The company said the move was made possible by an agreement among its lenders who are owed billions of dollars to give the venerable retailer one last chance to become solvent. Later today, Sears Holdings was scheduled to make a $134 million dollar debt payment. Bankruptcy protection will allow Sears to reorganize that debt.
"The company expects to move through the restructuring process as expeditiously as possible and is committed to pursuing a plan of reorganization in the very near term as it continues negotiations with major stakeholders started prior to today's announcement," the company said in a release.
Sears says it has received commitments for $300 million in senior debt financing from its major lenders and is negotiating a $300 million financing program with ESL Investments, Inc., the hedge fund headed by Sears Holdings Chairman and CEO Eddie Lampert.
Lampert steps down as CEO
Lampert is stepping down as Sears Holdings' CEO but will remain as chairman. The company said the financing deal with Lampert's hedge fund is expected to improve the retailer's financial position immediately and support its operations during the financial restructuring process.

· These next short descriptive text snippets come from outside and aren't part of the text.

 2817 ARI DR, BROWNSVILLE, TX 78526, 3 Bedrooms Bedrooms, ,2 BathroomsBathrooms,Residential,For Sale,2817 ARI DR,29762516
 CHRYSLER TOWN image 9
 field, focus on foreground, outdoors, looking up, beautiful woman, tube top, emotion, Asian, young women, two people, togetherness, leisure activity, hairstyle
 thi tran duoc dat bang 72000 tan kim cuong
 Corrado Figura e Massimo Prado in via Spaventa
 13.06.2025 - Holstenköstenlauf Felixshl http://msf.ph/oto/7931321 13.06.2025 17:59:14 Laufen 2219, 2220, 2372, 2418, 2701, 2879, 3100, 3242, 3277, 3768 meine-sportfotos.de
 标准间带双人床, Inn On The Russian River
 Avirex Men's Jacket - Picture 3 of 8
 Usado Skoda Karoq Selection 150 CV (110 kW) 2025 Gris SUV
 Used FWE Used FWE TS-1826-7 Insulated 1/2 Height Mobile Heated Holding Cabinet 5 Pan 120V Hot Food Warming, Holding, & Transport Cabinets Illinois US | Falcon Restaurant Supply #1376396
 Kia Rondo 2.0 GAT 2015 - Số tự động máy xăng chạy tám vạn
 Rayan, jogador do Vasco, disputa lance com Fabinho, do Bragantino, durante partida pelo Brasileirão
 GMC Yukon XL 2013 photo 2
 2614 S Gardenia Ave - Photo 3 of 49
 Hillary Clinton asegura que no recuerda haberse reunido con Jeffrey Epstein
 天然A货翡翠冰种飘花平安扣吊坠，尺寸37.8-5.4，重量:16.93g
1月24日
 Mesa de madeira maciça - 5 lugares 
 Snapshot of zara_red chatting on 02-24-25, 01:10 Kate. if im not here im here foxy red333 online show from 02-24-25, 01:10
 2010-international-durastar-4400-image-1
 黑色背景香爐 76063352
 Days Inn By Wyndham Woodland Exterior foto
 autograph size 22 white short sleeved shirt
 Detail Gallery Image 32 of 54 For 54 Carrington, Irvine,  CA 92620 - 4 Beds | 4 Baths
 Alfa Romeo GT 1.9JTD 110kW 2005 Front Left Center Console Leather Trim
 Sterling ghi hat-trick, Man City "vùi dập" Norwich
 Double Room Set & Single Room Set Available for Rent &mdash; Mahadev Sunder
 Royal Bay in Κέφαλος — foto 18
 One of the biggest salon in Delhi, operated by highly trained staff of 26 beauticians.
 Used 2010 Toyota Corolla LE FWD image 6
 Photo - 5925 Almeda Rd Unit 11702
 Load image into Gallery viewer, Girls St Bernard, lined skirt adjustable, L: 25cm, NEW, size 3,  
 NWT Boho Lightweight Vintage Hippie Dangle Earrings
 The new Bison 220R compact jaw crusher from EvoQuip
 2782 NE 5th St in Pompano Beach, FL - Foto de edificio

While it restructures, consumers will find even fewer Sears and Kmart stores with open doors. Along with the bankruptcy announcement, Sears said it will close another 142 Sears and Kmart stores by the end of the year. That's in addition to the 46 other stores already targeted for closing.
Business as usual
Despite the bankruptcy filing, Sears says it will be business as usual for employees, vendors, and suppliers. The company said employees will continue to get paid their full wages and benefits and vendors and suppliers will receive payment "in the ordinary course for all goods and services provided on or after the filing date."
Lampert said Sears Holdings had made progress in recent years in trying to stem the flow of red ink, but in the end, its efforts weren't enough. He said bankruptcy protection will give the company the time and flexibility it needs to strengthen its balance sheet, find the right size for its operating model, and return to profitability.